Top of DATA LISTING
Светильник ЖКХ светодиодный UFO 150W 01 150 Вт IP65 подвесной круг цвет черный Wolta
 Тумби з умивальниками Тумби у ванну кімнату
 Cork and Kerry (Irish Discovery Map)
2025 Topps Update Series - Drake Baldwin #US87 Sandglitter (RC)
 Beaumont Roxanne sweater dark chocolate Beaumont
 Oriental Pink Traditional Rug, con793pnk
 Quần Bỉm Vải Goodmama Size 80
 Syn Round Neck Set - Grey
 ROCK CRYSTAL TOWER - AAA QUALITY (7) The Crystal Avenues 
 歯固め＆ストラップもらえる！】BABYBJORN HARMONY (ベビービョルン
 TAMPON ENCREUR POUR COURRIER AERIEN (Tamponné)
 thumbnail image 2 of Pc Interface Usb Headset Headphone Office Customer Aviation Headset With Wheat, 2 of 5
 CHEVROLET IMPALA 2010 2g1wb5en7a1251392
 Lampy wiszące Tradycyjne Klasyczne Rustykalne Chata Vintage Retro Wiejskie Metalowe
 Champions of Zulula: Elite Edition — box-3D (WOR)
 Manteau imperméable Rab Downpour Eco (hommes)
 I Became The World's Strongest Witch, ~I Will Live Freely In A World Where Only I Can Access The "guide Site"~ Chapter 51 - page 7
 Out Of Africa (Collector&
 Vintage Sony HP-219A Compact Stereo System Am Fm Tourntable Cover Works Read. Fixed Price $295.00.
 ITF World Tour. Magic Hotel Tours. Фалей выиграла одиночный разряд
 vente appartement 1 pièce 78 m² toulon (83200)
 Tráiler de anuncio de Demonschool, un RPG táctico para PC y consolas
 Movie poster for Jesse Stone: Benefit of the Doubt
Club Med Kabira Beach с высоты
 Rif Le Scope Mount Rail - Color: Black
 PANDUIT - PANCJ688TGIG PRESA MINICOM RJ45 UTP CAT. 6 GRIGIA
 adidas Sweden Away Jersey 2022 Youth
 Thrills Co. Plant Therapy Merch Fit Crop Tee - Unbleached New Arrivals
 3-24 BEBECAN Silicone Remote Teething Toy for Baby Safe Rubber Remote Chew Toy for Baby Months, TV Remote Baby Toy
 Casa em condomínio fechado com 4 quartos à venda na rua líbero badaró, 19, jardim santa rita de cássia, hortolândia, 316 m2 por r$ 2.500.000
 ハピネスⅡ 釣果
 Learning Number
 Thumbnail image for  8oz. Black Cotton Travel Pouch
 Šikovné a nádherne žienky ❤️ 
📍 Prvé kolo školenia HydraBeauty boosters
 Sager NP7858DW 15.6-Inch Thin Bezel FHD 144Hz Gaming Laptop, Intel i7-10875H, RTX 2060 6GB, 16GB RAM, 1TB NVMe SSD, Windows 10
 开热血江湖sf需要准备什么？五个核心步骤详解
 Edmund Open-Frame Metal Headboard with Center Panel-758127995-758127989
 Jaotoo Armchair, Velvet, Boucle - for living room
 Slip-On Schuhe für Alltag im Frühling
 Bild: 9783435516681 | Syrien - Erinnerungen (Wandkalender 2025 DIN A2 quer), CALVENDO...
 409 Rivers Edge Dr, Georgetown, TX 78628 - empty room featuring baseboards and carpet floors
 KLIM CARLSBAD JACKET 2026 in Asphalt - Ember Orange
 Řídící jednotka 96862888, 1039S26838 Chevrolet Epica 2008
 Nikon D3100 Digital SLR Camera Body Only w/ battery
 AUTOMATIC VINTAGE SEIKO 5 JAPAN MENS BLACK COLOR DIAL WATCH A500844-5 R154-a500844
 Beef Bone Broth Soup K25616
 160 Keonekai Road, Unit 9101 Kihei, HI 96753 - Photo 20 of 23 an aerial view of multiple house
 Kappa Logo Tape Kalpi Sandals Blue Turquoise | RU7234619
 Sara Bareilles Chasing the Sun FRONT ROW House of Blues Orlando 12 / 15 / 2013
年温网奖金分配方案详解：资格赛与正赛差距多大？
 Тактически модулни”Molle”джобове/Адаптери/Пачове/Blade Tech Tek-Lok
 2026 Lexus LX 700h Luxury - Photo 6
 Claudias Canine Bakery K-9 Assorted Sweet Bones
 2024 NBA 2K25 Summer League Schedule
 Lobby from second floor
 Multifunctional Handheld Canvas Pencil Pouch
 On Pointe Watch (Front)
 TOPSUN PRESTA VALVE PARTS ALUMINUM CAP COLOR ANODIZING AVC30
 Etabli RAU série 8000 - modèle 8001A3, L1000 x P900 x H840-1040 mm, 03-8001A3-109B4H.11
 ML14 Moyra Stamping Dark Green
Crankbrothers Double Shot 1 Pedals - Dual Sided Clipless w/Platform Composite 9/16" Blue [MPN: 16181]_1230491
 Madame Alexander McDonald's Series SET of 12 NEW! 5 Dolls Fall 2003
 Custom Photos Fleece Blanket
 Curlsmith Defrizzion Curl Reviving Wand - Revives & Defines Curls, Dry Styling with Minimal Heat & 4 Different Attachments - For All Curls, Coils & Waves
Bottom of DATA LISTING
GOAL OF THE EXERCISE: Give back, word for word, only the lines above from the line holding "Sager NP7858DW 15.6-Inch" to the line holding "Kappa Logo Tape", both included.

REPLY TO THE TASK:
 Sager NP7858DW 15.6-Inch Thin Bezel FHD 144Hz Gaming Laptop, Intel i7-10875H, RTX 2060 6GB, 16GB RAM, 1TB NVMe SSD, Windows 10
 开热血江湖sf需要准备什么？五个核心步骤详解
 Edmund Open-Frame Metal Headboard with Center Panel-758127995-758127989
 Jaotoo Armchair, Velvet, Boucle - for living room
 Slip-On Schuhe für Alltag im Frühling
 Bild: 9783435516681 | Syrien - Erinnerungen (Wandkalender 2025 DIN A2 quer), CALVENDO...
 409 Rivers Edge Dr, Georgetown, TX 78628 - empty room featuring baseboards and carpet floors
 KLIM CARLSBAD JACKET 2026 in Asphalt - Ember Orange
 Řídící jednotka 96862888, 1039S26838 Chevrolet Epica 2008
 Nikon D3100 Digital SLR Camera Body Only w/ battery
 AUTOMATIC VINTAGE SEIKO 5 JAPAN MENS BLACK COLOR DIAL WATCH A500844-5 R154-a500844
 Beef Bone Broth Soup K25616
 160 Keonekai Road, Unit 9101 Kihei, HI 96753 - Photo 20 of 23 an aerial view of multiple house
 Kappa Logo Tape Kalpi Sandals Blue Turquoise | RU7234619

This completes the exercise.